Propriety of Stay? [was: Another Constitutional Moment?]
David Cruz
dcruz at LAW.USC.EDU
Mon Jan 22 10:40:07 PST 2001
On Mon, 22 Jan 2001, Greg Sisk wrote:
> [snip]
> Regardless of motive, the recount process created by the Florida
> Supreme Court's 4-3 decision was so lacking in mathematical
> integrity, balance, objectivity, and assurances of fairness that I
> have yet to see any remotely persuasive defense of it. It is for
> that reason that I suggest the stay was the equivalent of a summary
> reversal on the merits.
Although Greg has now said so twice, I disagree that the stay order was
the equivalent of a summary reversal, if for no other reason than that the
public would be aware from a summary reversal that the Supreme Court was
deciding the issue on December 9 without further briefing or oral
argument.
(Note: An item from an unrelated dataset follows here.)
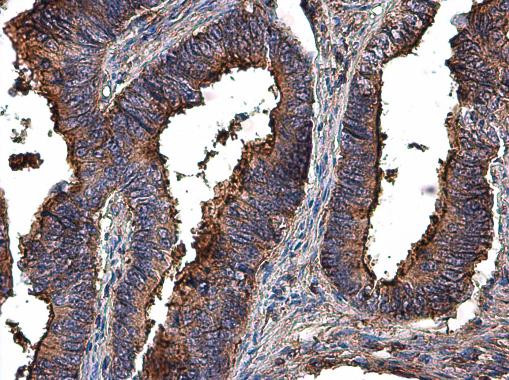 MMP2 Antibody in Immunohistochemistry (Paraffin) (IHC (P))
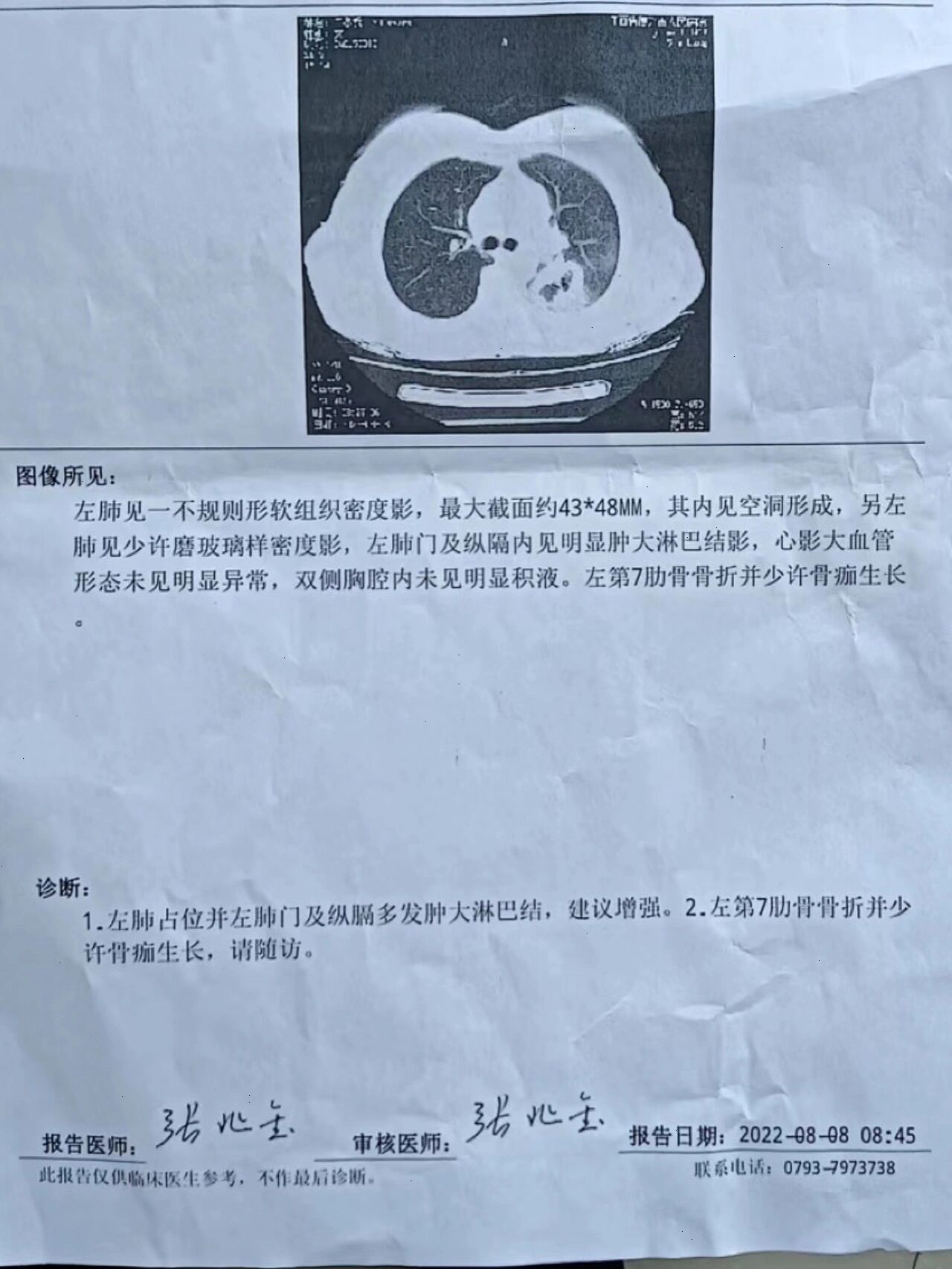 肺癌单子图片图片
In a summary reversal on December 9 the Court could not have
said with a straight face, "we're not deciding this; it's just too late to
comply with what the Florida Supreme Court has already said the state
election law requires." The Court thus could not dodge responsibility in
the way that it appears to many of us to be trying in its December 11
opinion. (Of course, maybe the 5 Justices could have found a way to do so
even with a summary reversal.) Instead, if the equal protection theory
were the same, the Florida Supreme Court could perhaps have ordered a
recount with a new rule applicable statewide that might have been
concluded on time, thus leaving the nation with a much less troublesome
outcome of the election/litigation, whoever won.
For these and other reasons, I respectfully disagree with Greg that the
December 9 stay is a red herring. It is very relevant to an assessment of
the Supreme Court's conduct in this matter.